Sicher, das ist kein Riesenskandal, keine Staatsaffäre. Aber, sollte sich der Hinweis bewahrheiten: Eine wahrlich ungeschickte Bildwahl mitten in einem schwierigen Abstimmungskampf, in einer Stadt, wo Fangewalt immer wieder Thema ist. Man kann der Sache auf jeden Fall mal nachgehen.

10:00 Uhr – ÜBERPRÜFEN

Ein Besuch auf der Website des «Projekts Ensemble» zeigt: Tatsächlich gibt es eine Visualisierung des Innenraums des zukünftigen Stadions, auf dem hinter dem einen Tor eine Fankurve zu sehen ist, die pyrotechnisches Material abbrennt. Stimmungsvoll sehen sie aus, die Rauchwolken im neuen Zürcher Fussballtempel. Das Problem: Das Abbrennen von Pyros in Schweizer Fussballstadien ist nicht erlaubt.

11:00 Uhr – NACHFRAGE

Auf der Website des «Projekts Ensemble» ist als Ansprechpartnerin für die Medien eine Firma mit Sitz in unmittelbarer Nähe des Zürcher Paradeplatzes angegeben. Laut Website ist das Unternehmen «eine Beratungsgemeinschaft aus unabhängigen Partnern». Zu den Partnern gehören: Eine alt Bundesrätin, zwei ehemalige bundesrätliche Kommunikationschefs, der frühere Chefredaktor einer führenden Schweizer Zeitung, ein Ex-Sonderbotschafter. Allesamt Profis im Umgang mit den Medien, auch bei heiklen Themen.

Eine Mitarbeiterin nimmt das Telefon ab und hört sich das Anliegen des Journalisten an. Sie bittet zunächst um eine Beschreibung, wo genau auf der Homepage das betreffende Bild zu finden ist. Daraufhin erklärt sie, die Anfrage für «ein bisschen gesucht» zu halten. Dennoch verspricht sie, dass sich der zuständige Partner am Nachmittag melden werde.

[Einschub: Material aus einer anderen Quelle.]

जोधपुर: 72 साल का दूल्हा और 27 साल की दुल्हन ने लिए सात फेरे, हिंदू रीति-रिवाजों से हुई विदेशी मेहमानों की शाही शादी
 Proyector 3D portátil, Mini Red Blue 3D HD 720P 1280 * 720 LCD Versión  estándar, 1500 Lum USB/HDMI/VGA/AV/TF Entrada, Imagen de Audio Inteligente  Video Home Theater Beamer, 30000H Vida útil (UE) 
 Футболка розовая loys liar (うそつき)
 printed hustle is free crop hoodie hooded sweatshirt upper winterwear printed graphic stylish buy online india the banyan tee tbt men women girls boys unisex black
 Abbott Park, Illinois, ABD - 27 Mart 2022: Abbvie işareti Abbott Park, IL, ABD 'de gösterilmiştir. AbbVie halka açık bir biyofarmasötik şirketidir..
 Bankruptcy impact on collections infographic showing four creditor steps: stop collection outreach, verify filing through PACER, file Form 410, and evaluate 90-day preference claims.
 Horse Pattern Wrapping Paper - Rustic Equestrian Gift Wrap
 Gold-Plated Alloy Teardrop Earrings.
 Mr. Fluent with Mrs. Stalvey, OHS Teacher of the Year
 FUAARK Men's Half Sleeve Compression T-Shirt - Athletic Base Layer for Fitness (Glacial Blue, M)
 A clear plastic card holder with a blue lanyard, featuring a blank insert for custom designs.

So soll der neue Hardturm aussehen: Das «Projekt Ensemble»

1 / 9
So soll der neue Hardturm aussehen: Das Projekt Ensemble
Das Zürcher Stimmvolk hat mit 53,8 Prozent Ja zum neuen Stadion gesagt: Beim Projekt Ensemble von HRS Investment AG, Immobilienanlagegefässe der Credit Suisse und die Allgemeine Baugenossenschaft Zürich (ABZ) werden ein Fussballstadion für 18'500 Zuschauer, zwei Wohn- und Geschäftstürme sowie 174 Genossenschaftswohnungen gebaut.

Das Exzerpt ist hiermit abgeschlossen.